Brief |
Select all lines holding the word "Peugeot" from the entries that follow.

Source material |

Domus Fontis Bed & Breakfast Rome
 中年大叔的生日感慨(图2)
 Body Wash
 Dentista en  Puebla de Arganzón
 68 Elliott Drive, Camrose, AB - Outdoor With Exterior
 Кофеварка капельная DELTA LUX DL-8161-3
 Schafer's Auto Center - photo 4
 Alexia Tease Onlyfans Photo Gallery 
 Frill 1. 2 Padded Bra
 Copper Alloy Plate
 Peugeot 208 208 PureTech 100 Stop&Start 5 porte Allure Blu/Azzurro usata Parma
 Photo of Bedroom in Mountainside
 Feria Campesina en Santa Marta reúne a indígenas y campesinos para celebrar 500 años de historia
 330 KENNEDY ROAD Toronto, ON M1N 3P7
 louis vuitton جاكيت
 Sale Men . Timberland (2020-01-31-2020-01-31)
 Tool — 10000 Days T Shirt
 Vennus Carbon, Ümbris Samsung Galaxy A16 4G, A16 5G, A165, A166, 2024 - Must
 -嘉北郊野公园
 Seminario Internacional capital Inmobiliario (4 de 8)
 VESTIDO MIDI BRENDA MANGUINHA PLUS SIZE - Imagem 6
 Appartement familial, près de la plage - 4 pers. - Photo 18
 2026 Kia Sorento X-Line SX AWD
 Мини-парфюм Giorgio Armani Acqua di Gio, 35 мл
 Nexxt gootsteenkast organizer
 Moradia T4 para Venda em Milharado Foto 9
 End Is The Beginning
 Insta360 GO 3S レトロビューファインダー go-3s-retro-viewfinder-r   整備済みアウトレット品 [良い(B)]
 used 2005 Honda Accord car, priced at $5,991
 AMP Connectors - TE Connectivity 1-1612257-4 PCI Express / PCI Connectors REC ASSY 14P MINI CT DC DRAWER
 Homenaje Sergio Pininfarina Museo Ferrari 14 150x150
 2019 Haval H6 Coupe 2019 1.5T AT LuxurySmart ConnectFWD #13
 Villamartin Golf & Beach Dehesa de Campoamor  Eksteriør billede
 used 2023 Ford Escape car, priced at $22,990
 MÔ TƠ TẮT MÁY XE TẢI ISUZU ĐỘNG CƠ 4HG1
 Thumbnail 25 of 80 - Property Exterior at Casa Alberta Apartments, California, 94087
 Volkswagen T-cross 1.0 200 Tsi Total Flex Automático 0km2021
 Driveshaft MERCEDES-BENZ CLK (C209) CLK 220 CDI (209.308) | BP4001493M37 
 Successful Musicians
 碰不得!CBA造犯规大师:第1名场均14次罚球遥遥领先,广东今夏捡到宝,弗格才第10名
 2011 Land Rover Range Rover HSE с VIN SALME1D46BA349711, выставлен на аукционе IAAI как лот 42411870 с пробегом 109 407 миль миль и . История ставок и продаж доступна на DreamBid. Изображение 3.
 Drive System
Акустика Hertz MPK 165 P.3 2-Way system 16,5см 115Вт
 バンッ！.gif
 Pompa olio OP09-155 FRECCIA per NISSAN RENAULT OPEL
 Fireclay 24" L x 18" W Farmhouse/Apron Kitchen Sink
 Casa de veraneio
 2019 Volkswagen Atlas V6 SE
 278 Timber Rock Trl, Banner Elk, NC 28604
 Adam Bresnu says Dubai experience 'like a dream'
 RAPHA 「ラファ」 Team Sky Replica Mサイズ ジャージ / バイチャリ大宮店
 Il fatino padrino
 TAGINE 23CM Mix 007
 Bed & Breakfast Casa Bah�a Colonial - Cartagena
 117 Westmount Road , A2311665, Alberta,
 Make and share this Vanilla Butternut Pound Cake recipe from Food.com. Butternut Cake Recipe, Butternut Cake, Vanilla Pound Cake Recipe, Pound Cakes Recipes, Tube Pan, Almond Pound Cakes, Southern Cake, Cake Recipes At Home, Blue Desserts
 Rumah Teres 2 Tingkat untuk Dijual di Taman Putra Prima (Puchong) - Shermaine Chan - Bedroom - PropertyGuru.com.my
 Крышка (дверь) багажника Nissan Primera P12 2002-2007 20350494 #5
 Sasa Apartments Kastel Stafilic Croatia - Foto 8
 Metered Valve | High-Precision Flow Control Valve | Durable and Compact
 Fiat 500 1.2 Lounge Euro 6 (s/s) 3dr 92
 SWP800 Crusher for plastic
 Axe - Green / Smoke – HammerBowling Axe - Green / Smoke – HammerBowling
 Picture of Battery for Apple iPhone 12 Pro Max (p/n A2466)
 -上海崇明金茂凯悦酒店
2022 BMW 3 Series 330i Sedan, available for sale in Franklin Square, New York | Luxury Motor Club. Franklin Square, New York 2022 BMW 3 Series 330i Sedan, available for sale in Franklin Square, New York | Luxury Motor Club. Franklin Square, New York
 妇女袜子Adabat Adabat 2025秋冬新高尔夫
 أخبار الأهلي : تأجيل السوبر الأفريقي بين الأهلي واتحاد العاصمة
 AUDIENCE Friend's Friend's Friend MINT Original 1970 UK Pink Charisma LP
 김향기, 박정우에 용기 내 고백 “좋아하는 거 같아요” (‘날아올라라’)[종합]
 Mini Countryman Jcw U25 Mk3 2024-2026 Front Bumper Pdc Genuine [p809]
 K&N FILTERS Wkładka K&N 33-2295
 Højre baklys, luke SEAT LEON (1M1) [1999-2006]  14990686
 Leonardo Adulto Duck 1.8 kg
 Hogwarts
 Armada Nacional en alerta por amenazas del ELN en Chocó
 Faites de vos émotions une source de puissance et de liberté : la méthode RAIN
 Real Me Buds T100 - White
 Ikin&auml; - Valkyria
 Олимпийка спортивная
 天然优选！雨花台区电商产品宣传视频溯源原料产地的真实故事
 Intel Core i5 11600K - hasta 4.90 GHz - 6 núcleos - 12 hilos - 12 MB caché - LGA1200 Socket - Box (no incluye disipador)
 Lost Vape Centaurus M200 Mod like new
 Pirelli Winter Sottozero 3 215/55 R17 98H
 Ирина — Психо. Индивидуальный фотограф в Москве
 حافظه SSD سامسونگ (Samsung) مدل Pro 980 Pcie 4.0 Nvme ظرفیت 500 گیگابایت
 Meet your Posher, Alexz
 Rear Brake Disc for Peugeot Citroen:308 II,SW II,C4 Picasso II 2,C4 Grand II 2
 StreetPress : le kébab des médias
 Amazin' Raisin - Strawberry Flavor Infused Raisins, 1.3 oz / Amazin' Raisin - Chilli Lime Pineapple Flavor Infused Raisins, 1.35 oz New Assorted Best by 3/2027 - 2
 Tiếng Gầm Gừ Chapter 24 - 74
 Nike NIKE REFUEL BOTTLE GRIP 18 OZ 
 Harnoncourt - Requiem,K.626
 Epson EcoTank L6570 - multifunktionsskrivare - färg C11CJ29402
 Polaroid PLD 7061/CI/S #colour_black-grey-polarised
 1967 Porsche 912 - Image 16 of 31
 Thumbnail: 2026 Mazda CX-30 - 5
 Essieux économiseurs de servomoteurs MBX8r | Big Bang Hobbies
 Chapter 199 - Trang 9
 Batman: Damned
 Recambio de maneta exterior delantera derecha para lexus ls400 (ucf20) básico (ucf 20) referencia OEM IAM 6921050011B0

Response below |
 Peugeot 208 208 PureTech 100 Stop&Start 5 porte Allure Blu/Azzurro usata Parma
 Rear Brake Disc for Peugeot Citroen:308 II,SW II,C4 Picasso II 2,C4 Grand II 2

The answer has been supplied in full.